İmam-ı Muhammed (rh.a) bu hadisi zikrettikten sonra: "Netice olarak bir kimse malûm olan şirk itikadını (kalbî durumunu) tesbit etme imkânımız yoktur. Neyi ikrar ettiğini duyarsak, o inançta olduğuna hükmederiz"[5] buyurmaktadır. Sonuç olarak; imanın aslî rüknü kalben tasdiktir. Dünya ahkâmının icrası açısından zarurî olan rüknü ise; dil ile ikrar etmektir.
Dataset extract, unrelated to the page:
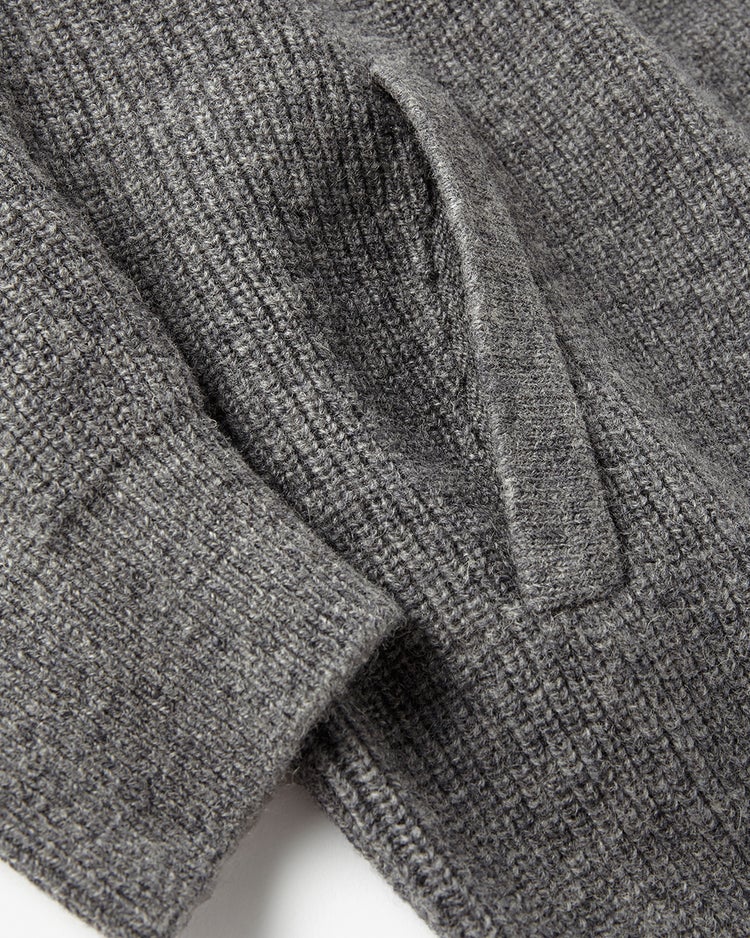 柔らかウール100%ミニショールカーディガン 詳細画像 杢グレー 3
Eğer bir kimse; kalben tasdik eder, fakat bunu dili ile ikrar etmezse, hali insanlarca meçhul kalır. Tabiî dil ile ikrar için herhangi bir ehliyet ârızası (dilsiz olma veya ikrah-ı mülci altında bulunma gibi) sözkonusu olmamalıdır. [6]
[1] İbn-i Abidin, Reddü'I Muhtar Ale'd Dürri'I Muhtar, İst.1983, c. IX, sh. 5.
[2] İmam-ı Azam Ebû Hanife, el-Alim ve'l Müteallim, Kahire 1368 Z. Kevseri Neşri, sh. 57.
[3] İmam-ı Maturidi, Kitabû't-Tevhid, Kahire: 1970, sh. 373 vd.
[4] Sahih-i Müslim, İst. 1401, c.l, sh. 51-52 Had. No: 32.
[5] İmam-ı Muhammed, Siyer-i Kebir, İst. 1980, Evs Yay. c. I, sh.173.
[6] Yusuf Kerimoğlu, Kelimeler ve Kavramlar, İnkılap Yayınları: 205-206.